» WHAT TO DO
Transcribe, exactly and without pictures, the lines below from the line with "1589596219 6 vai ao dai vai ao dai dep ad" to the line with "Caroline cover image cdn", both ends included, and no others.

» RECORDS FOR THIS EXERCISE
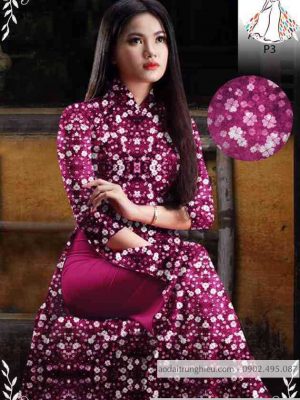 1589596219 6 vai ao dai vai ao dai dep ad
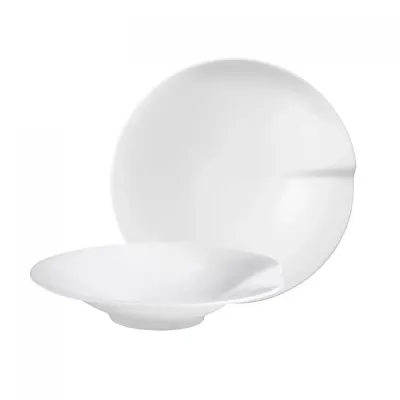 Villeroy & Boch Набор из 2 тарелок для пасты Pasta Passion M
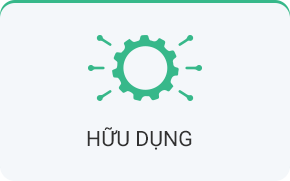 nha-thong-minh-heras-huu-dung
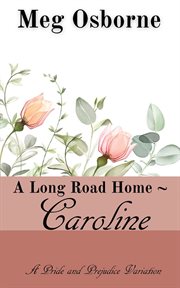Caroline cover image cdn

---

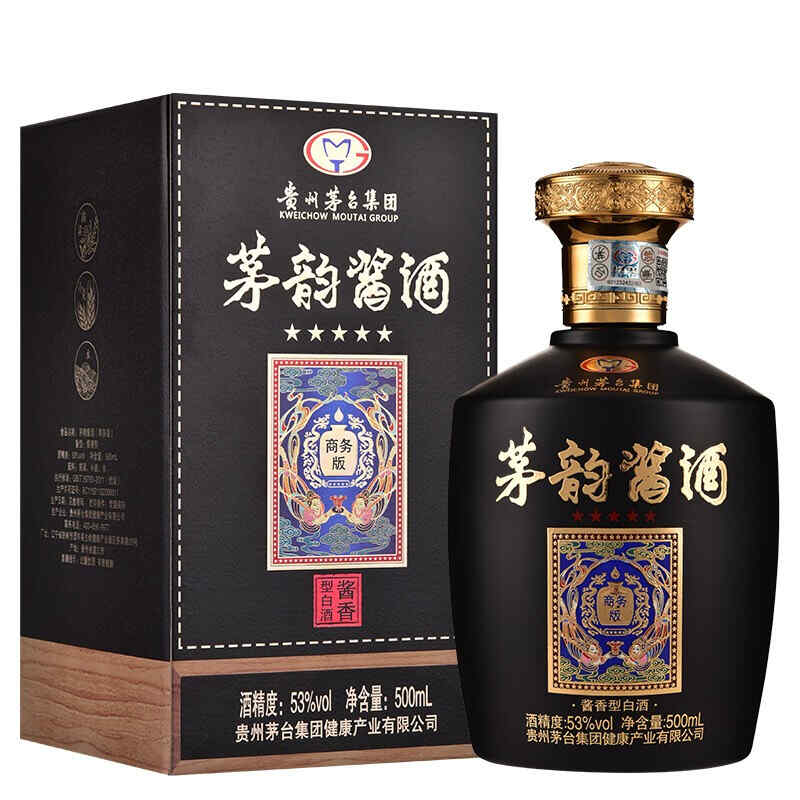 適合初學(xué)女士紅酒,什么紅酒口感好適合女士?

» RESPONSE TO THE TASK
 1589596219 6 vai ao dai vai ao dai dep ad
 Villeroy & Boch Набор из 2 тарелок для пасты Pasta Passion M
 nha-thong-minh-heras-huu-dung
Caroline cover image cdn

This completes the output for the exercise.